WissenschaftlerInnen der University of Texas (USA) und der Hanyang University (Südkorea) haben einen Kohlenstoff-Nanorröhrengarn entwickelt, der Strom erzeugen kann. Wenn man den Garn in Bewegung ist, er gedehnt oder gezwirbelt wird, erzeugt er elektrische Spannung.

Der Garn wird aus Kohlenstoff-Hohlzylindern gewonnen, die einen zehntausendmal kleineren Durchmesser als ein menschliches haar haben. Aus denen wird ein leichter und elastischer Garn gesponnen und mit einem salzhaltigen Feststoffpolymer ummantelt. Im Gegensatz zu normalen Kondensatoren braucht der Garn keine externe Energiequelle, die den Kondensator mit Ladung versorgt.

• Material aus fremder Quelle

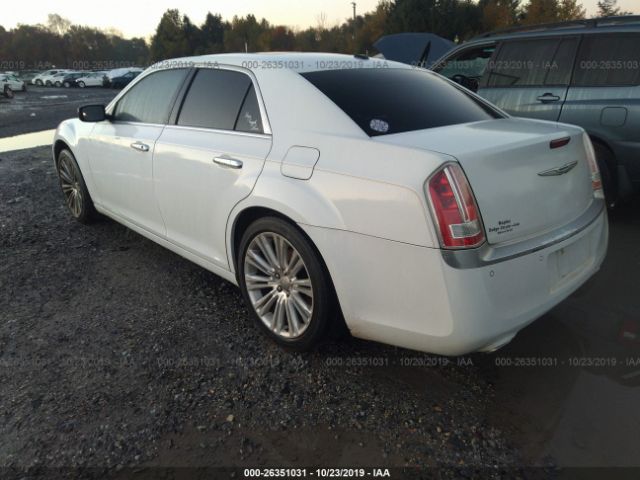 2C3CA6CT5BH516702 - 2011 CHRYSLER 300C  White photo 3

So könnten Batterien in Wearables (also Fitness-Tracker oder Smartwatches) in Zukunft der Vergangenheit angehören. Ebenso könnte aus dem Garn Kleidung hergestellt werden, die allein durch das Tragen (und der Bewegung am Körper) Energie herstellen könnte.

Das Forschungsteam hat bereits ein Patent auf die sogenannten Twiston-Garne eingereicht. Bis zur Marktreife wird es jedoch noch einige Jahre dauern.